Kamis, 21 Februari 2013

Nostalgia Juli


         Juli 2002. Peristiwa yang mengantarkanku pada pembelajaran ikhlas yang sejatinya selalu bersemayam di dalam hati masing-masing insan. Begitu lelapnya rasa itu bersemayam hingga terkadang tak mampu terbangun tepat pada saat dia dibutuhkan.
      Pengalaman menyejarah mengenai sosok yang menginspirasi sepanjang riwayat hidup. Beliau paman yang baik, lahir dari keluarga yang sederhana dari enam bersaudara. Pendidikan formal, pendidikan salah satu pesantren di daerah Jawa Timur, semua dilaksanakan dengan sewajarnya. Prinsip untuk hidup tanpa menjadi beban bagi orang lain membuat beliau lekas mencari pekerjaan yang sekiranya dapat menghasilkan uang untuk biaya hidup.
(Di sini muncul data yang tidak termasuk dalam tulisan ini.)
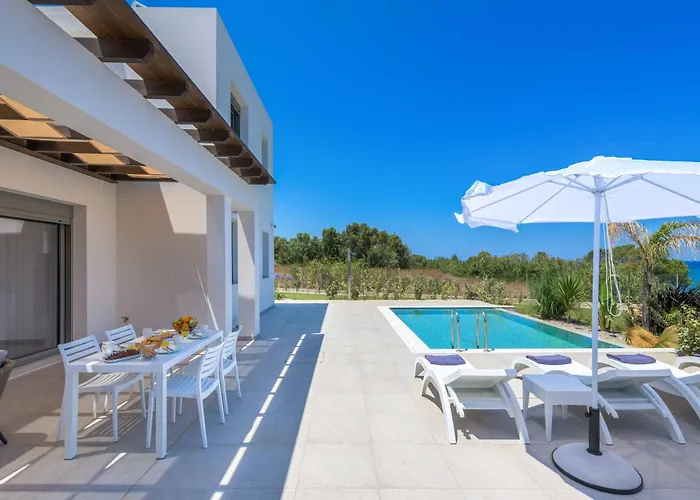 Panaxia Votsalo * Theológos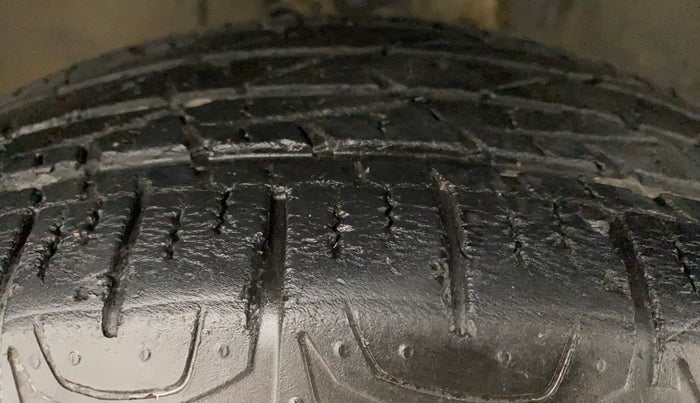 2019 Jeep Compass SPORT PLUS 1.4 PETROL, Petrol, Manual, 24,495 km, Right Front Tyre Tread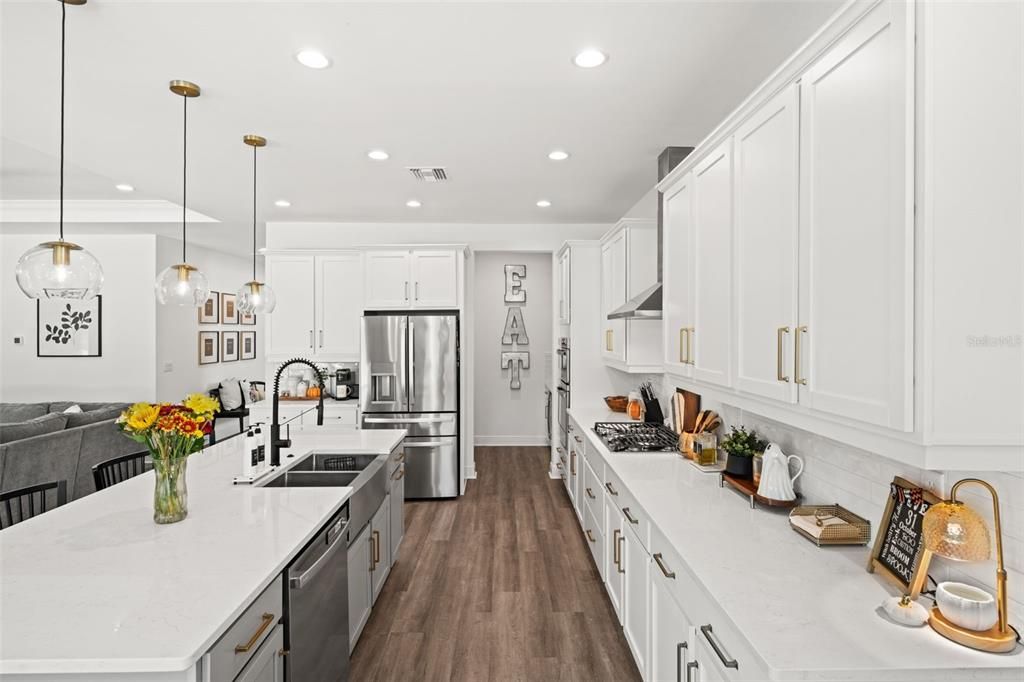 For Sale: $709,000 (4 beds, 4 baths, 3113 Square Feet)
Sales keliling.
      Transformasi ilmu perjuangan itu mulai nikmat mengalir di otakku yang masih kosong. Serasa ganjil dalam kepemahaman kecilku yang amat dangkal. Sholat, wudhu, Al-Qur’an dan beberapa hal-hal lain yang membuatku semakin bangga pada beliau.
       Seiring berjalannya waktu, langkah petualangan beliau telah menapaki Jakarta hingga keberuntungan menjadi koki di salah satu restoran sederhana menghampiri. Warteg. Kenikmatan akan penghormatan sebagai koki itu diresapi beliau selama bertahun-tahun.
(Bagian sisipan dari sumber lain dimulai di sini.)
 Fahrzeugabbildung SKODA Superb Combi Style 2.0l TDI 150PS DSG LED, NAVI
        Singkat cerita, beliau mulai nyaman dengan pekerjaannya sebagai seorang koki. Tapi jangan anggap enteng lelaki yang satu ini, pekerjaan koki yang mulai memasuki tahap semipermanen harus berkolaborasi kini dengan beberapa pekerjaan lainnya. Satu tujuan yang menguatkan. Modal pendirian perusaahan counter yang beliau idamkan.
         Tak ada yang tahu darimana segala warisan sifat-sifat itu mengalir dalam diri beliau. Reparasi segala alat elektronik beliau layani dengan kemampuan pembelajar cepat. Satu hal yang terlupakan. Istirahat.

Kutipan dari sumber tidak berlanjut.